Pictures are to be left out. Copy exactly, and only, the lines from the start of the entries below to the line with "111 Nw 53rd St, Miami", both included.

Web page caption snippets »
──────

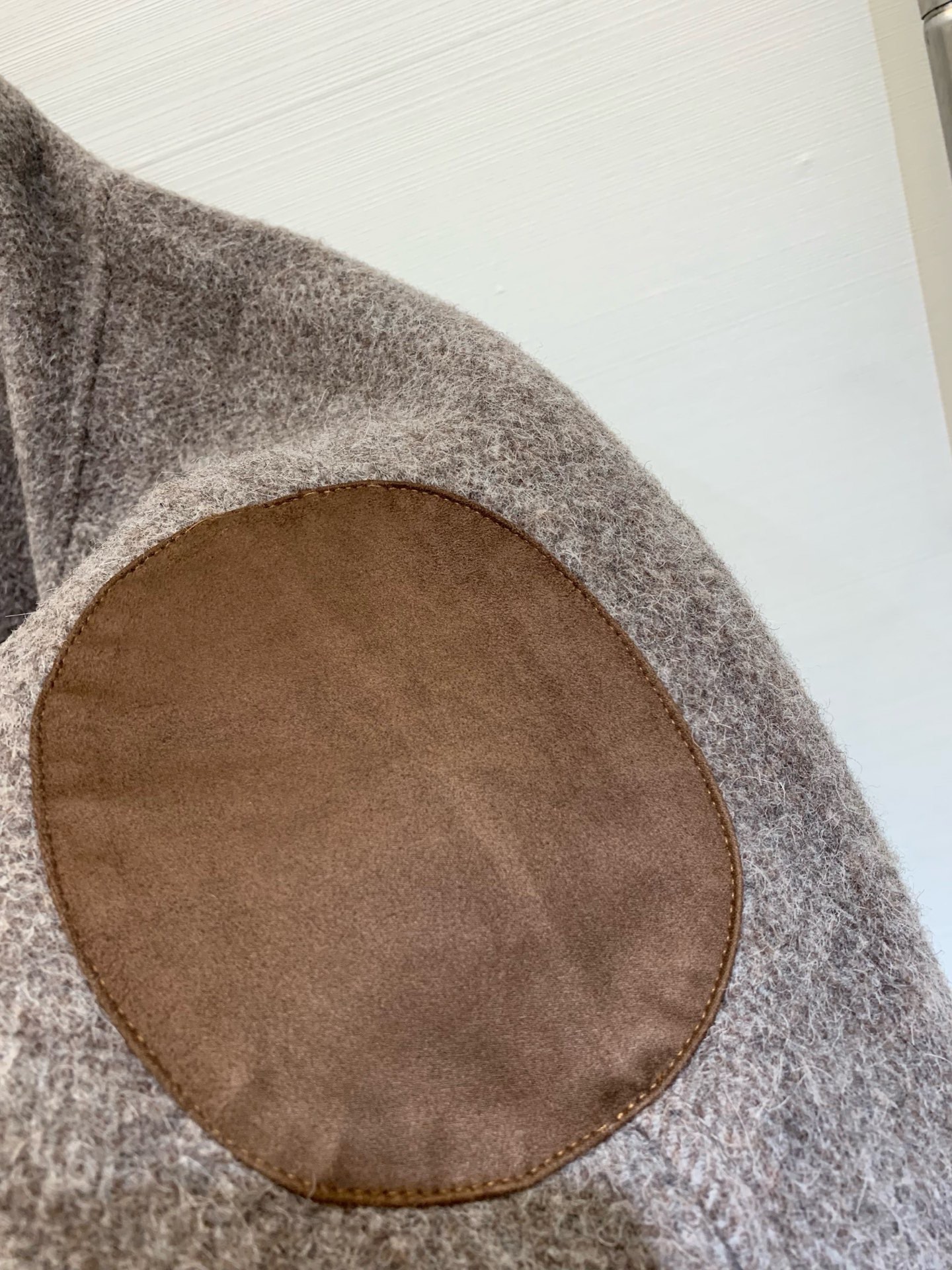 LP 老钱风穿搭 25秋冬新品 袖子撞色车布设计手工羊绒长款大衣外套 定制羊驼绒羊毛面料 质感细腻柔软 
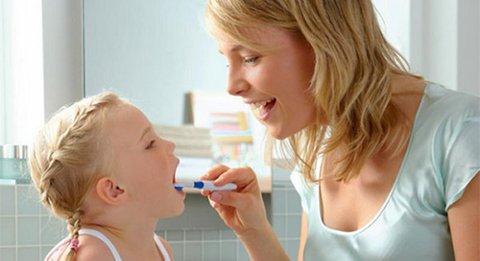如何保护牙齿健康 如何保护孩子牙齿健康
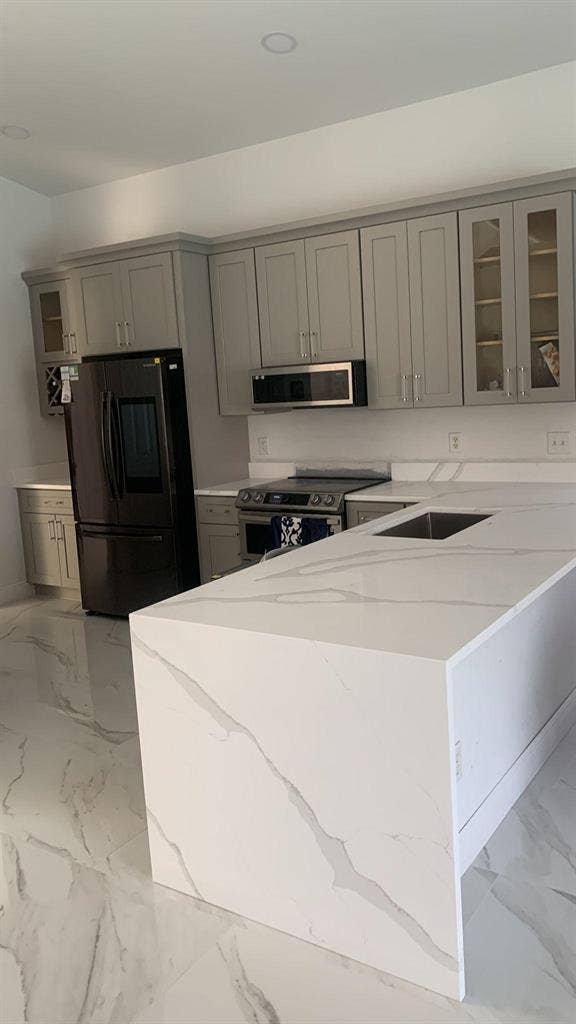 1 BR in Four Corners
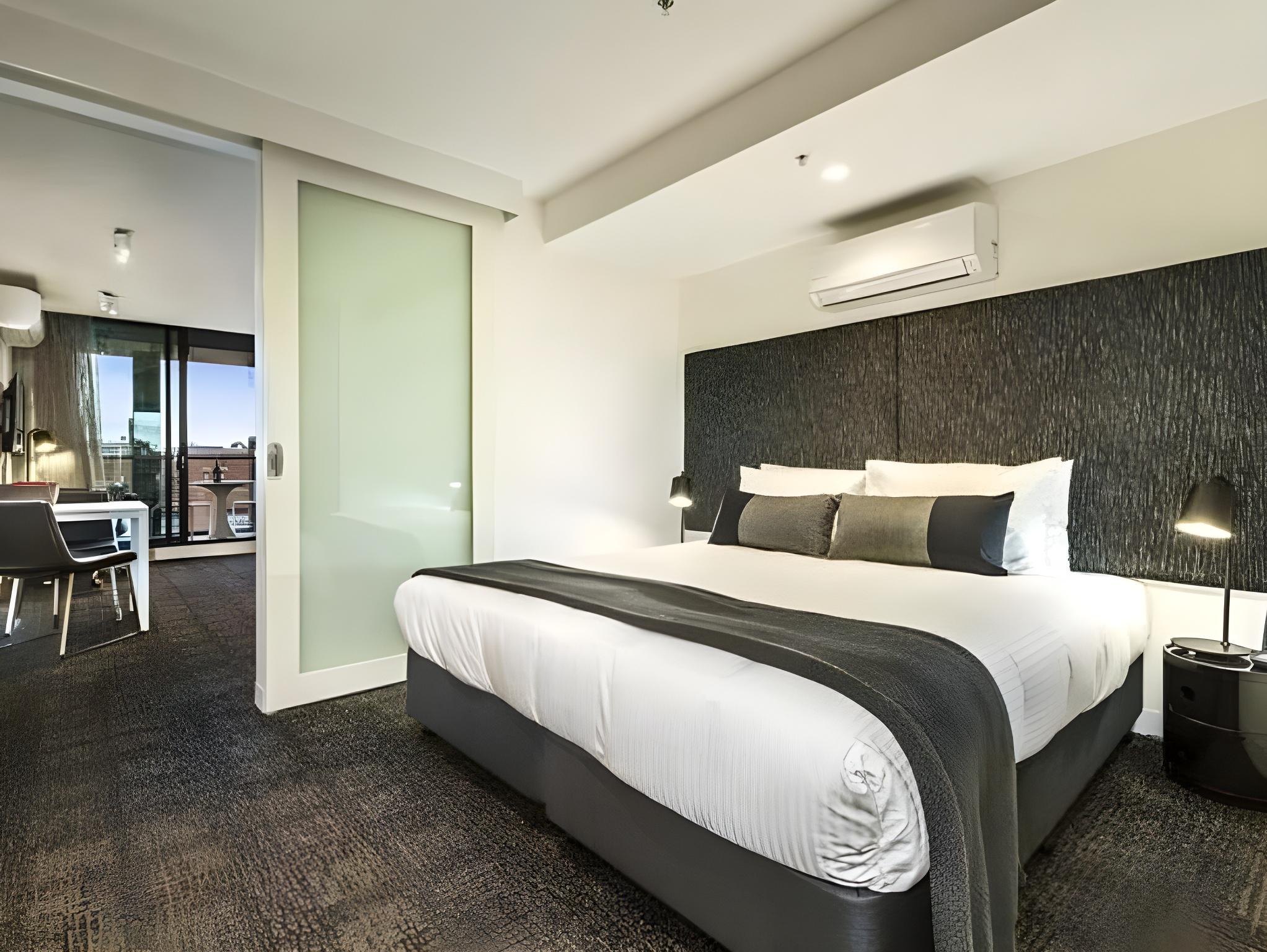 Studio, King Bed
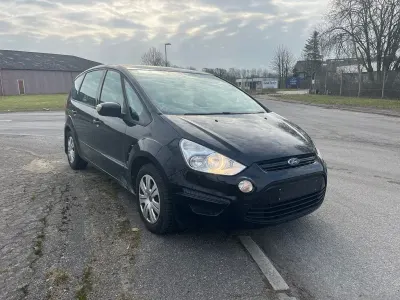 Używany Ford S-MAX Trend 160 KM (117 kW) 2012 Czarny Minivan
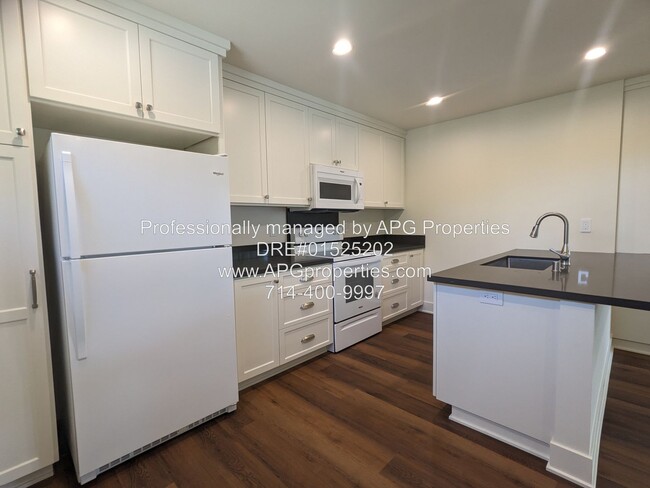 Building Photo - 2 Bedroom + 2 Bathroom ADU in Fullerton - ...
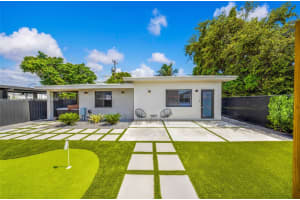 111 Nw 53rd St, Miami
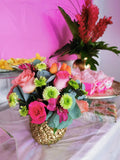 Buscas un diseño floral específico alineado al tema de tu evento?  Necesitas un tipo de flor, color o tamaño en particular? Ya sea que requieras la ambientación completa de tu evento o solo 1 arreglo floral, lo haremos para ti!    Contáctanos y nuestros planners de eventos te harán las mejores recomendaciones para transformar tu evento Entregas express, diseños originales y personalizados Presupuestos GRATIS!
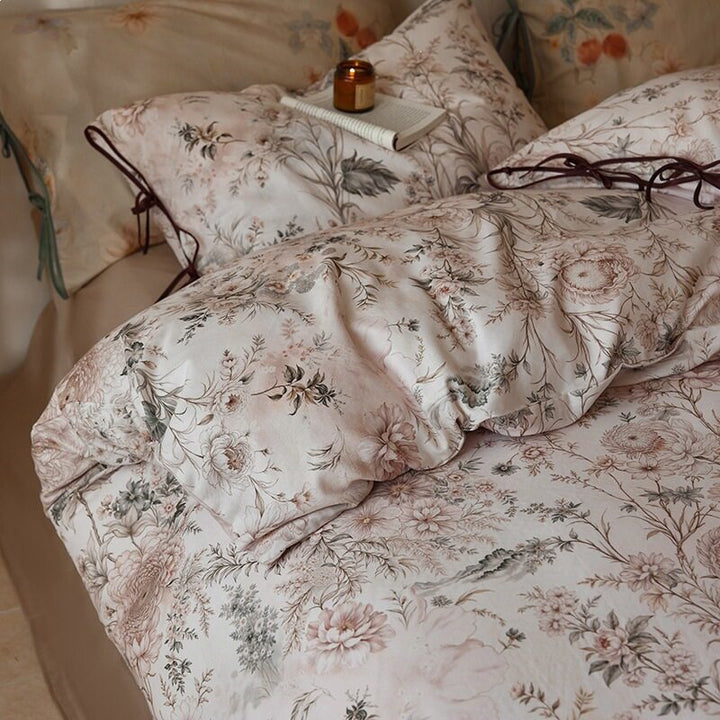 Luxuriöses Baumwollsatin-Bettwäsche-Set mit floralem Muster und Hotelverschluss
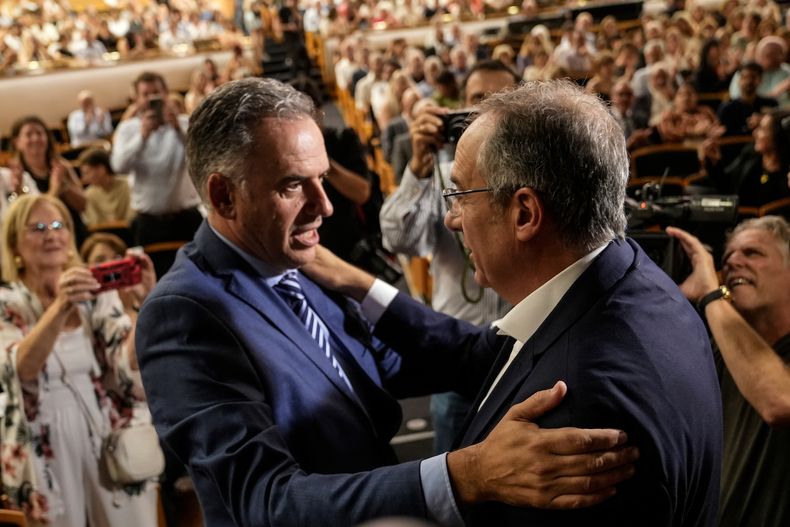 Yamandú Orsi y José Carlos Mahía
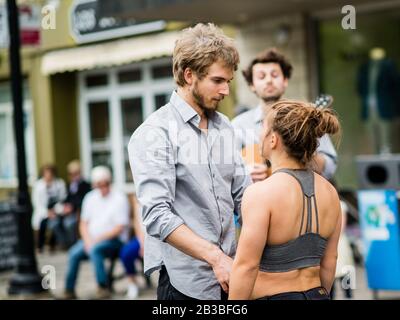 Saint-Lambert, Canada - le 25 mai 2019 : spectacle Acrobat dans la rue Sanit-Lambert Banque D'Images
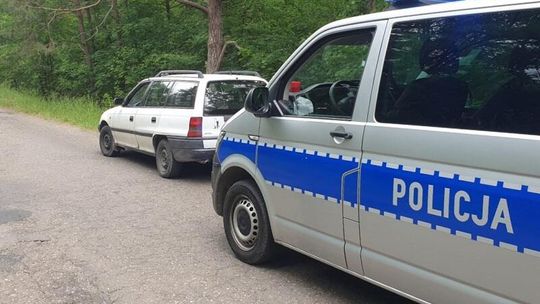 Bez uprawnień i z narkotykami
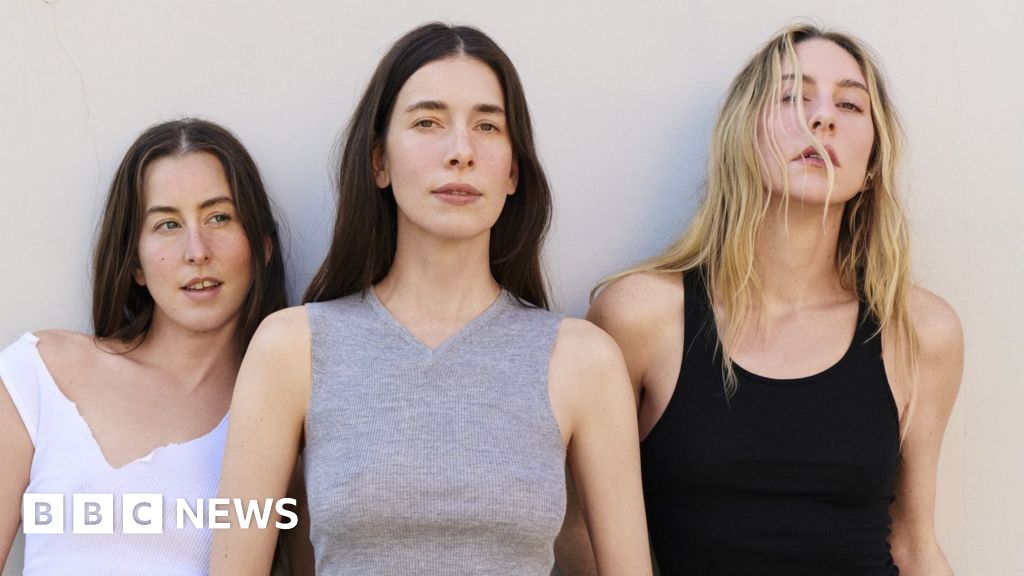 ‘Everyone is invited to be the fourth Haim sister’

──────

The completed task »
 LP 老钱风穿搭 25秋冬新品 袖子撞色车布设计手工羊绒长款大衣外套 定制羊驼绒羊毛面料 质感细腻柔软 
如何保护牙齿健康 如何保护孩子牙齿健康
 1 BR in Four Corners
 Studio, King Bed
 Używany Ford S-MAX Trend 160 KM (117 kW) 2012 Czarny Minivan
 Building Photo - 2 Bedroom + 2 Bathroom ADU in Fullerton - ...
 111 Nw 53rd St, Miami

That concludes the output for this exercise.